If your business prepares or serves food, then its obligations are noted in the FSA guidelines. The FSA food health & safety guidelines explain what you must achieve if you run a food business. You must:

  • Ensure food is safe for consumption
  • Is the same quality you say it is
  • Not remove, add, or treat food in a way that could make it harmful to consume
  • Not mislead people through food labelling, marketing, or advertising
  • Display your food hygiene rating (if you sell food to the public)
  • Remove unsafe food, create an incident report, and inform people why the food has been withdrawn
  • Keep a record of food and ingredient purchases
  • Only use approved additives to the approved maximum limits

After the food hygiene and workplace safety inspection, you will be sent a letter confirming any improvements you need to make. If serious issues with food health & safety are identified, this may result in your business being issued a notice that can ban you from using certain processes or equipment until changes have been made and a re-inspection is conducted.

 

What They Will Be Looking For

Now you know your food health & safety responsibilities, it is an excellent practice to review exactly what the inspector will be looking for.

Thankfully, the Food Standards Agency has created a free Food Safety Checklist covering the main things a food health & safety inspector will be looking for. The checklist includes a breakdown of what is assessed in categories including food storage, hygiene of food rooms and equipment, personal hygiene, waste control, pest control, food handling practices, and checks and record-keeping.

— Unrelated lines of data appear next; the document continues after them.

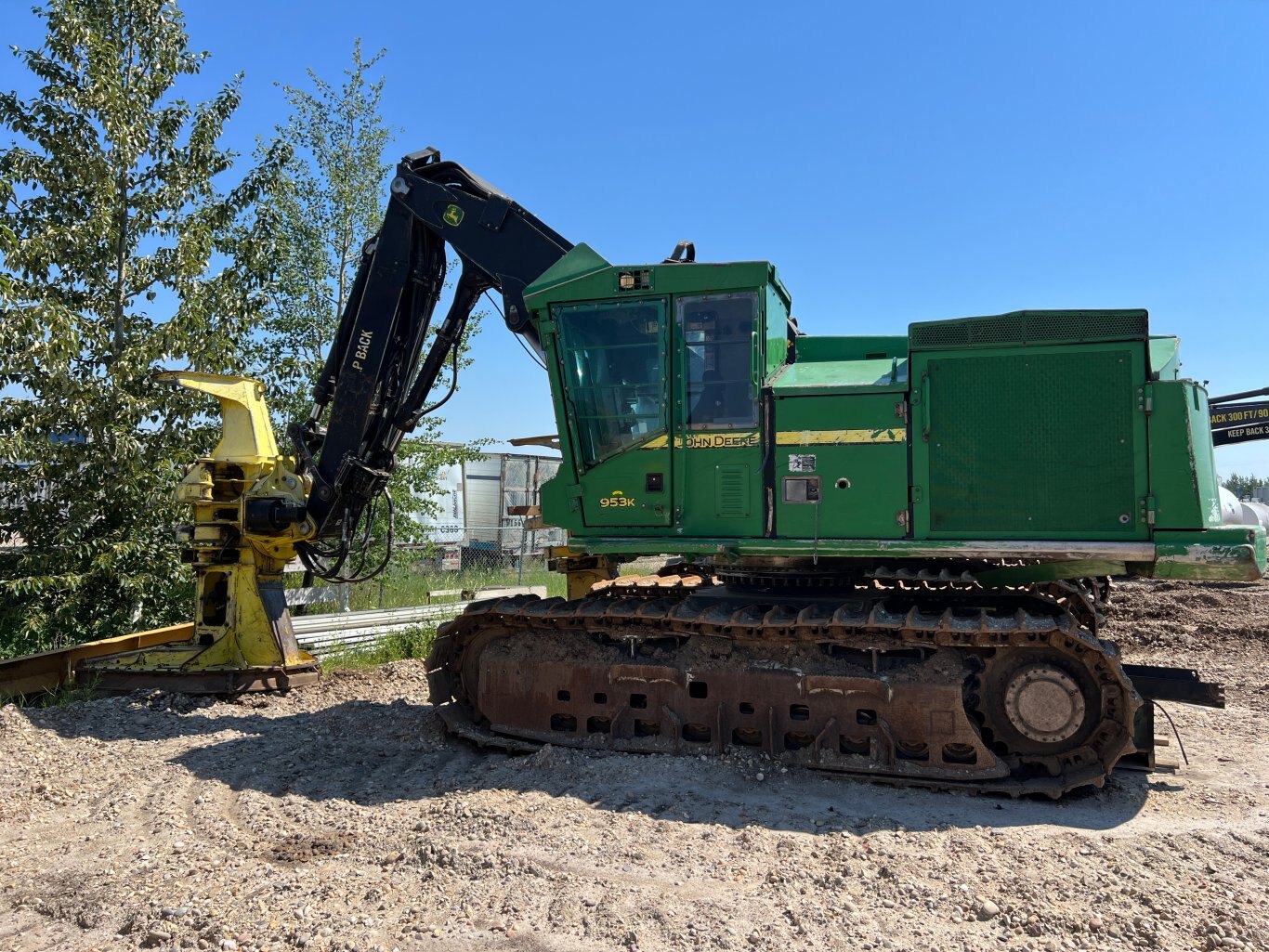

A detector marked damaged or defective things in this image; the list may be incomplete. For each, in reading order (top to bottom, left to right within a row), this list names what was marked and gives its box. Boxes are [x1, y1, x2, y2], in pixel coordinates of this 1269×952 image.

rusty metal track [425, 586, 1142, 802]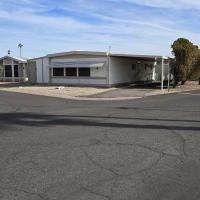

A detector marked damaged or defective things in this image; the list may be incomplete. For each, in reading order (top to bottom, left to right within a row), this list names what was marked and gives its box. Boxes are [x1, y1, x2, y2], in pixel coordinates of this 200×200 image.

cracked asphalt [0, 90, 200, 200]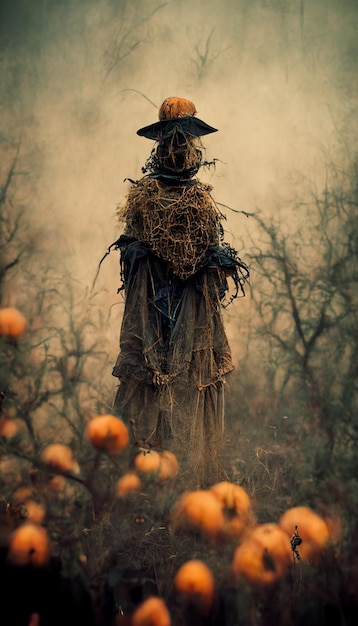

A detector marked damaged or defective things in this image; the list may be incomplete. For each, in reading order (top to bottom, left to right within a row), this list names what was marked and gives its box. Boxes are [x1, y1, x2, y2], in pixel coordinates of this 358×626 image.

tattered scarecrow [110, 95, 248, 480]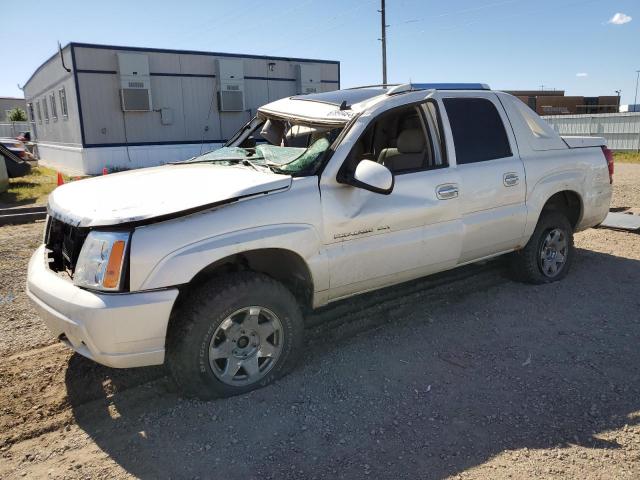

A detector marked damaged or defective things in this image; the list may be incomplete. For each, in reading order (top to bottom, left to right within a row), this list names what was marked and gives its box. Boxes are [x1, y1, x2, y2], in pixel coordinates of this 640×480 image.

damaged cadillac escalade [26, 84, 616, 400]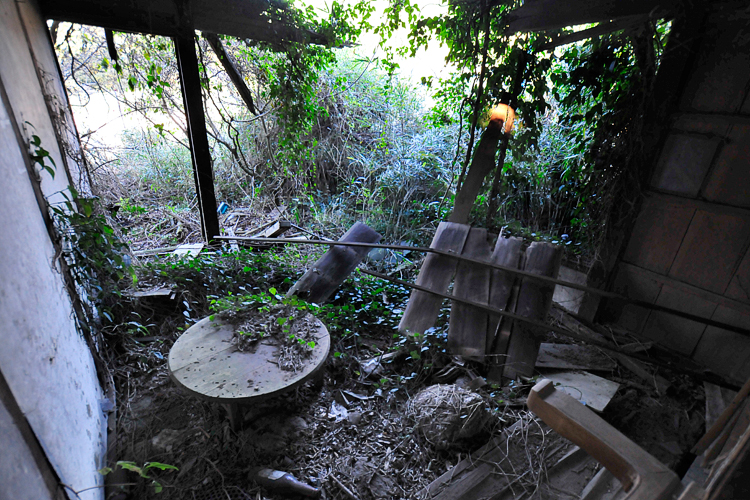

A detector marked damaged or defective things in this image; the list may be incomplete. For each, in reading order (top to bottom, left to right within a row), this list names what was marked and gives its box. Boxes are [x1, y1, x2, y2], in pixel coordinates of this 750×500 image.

broken wood plank [286, 224, 382, 304]
broken wood plank [400, 222, 470, 332]
broken wood plank [450, 229, 496, 362]
broken wood plank [488, 236, 524, 354]
broken wood plank [506, 242, 564, 378]
broken wood plank [536, 344, 616, 372]
broken wood plank [540, 370, 624, 412]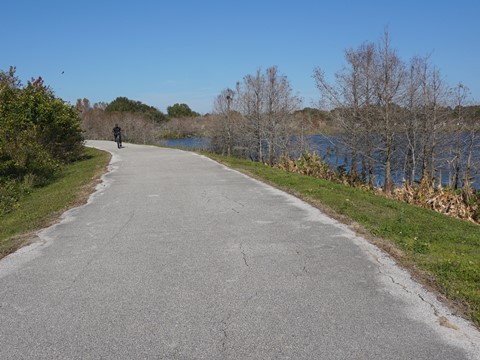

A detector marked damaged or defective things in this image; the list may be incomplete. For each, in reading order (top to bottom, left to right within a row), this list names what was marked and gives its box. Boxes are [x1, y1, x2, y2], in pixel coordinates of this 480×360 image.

cracked pavement [0, 141, 478, 360]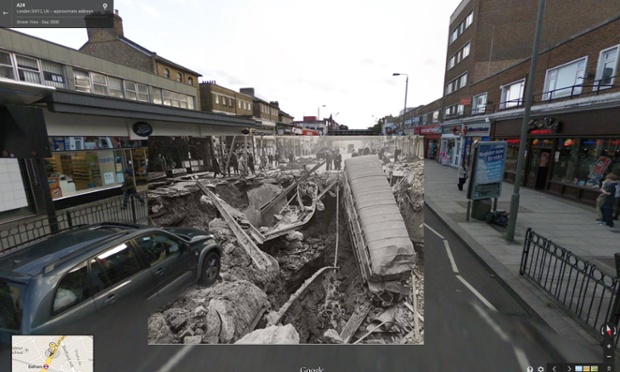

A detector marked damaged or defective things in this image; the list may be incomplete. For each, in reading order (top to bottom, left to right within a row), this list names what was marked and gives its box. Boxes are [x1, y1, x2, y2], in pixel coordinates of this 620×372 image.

wwii bombing damage [148, 135, 424, 344]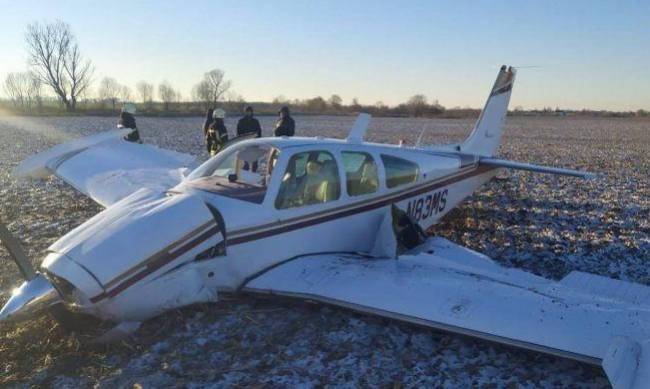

Depending on your business’s size and scope, the Food Standards Agency recommends that you complete their food health & safety checklist on a weekly, fortnightly, or monthly frequency. If you are starting a business in this sector, you can review the checklist to prepare for beginning operations. By asking your workforce to read the document, you offer an excellent training opportunity that will help ensure best practices are introduced and followed from the outset.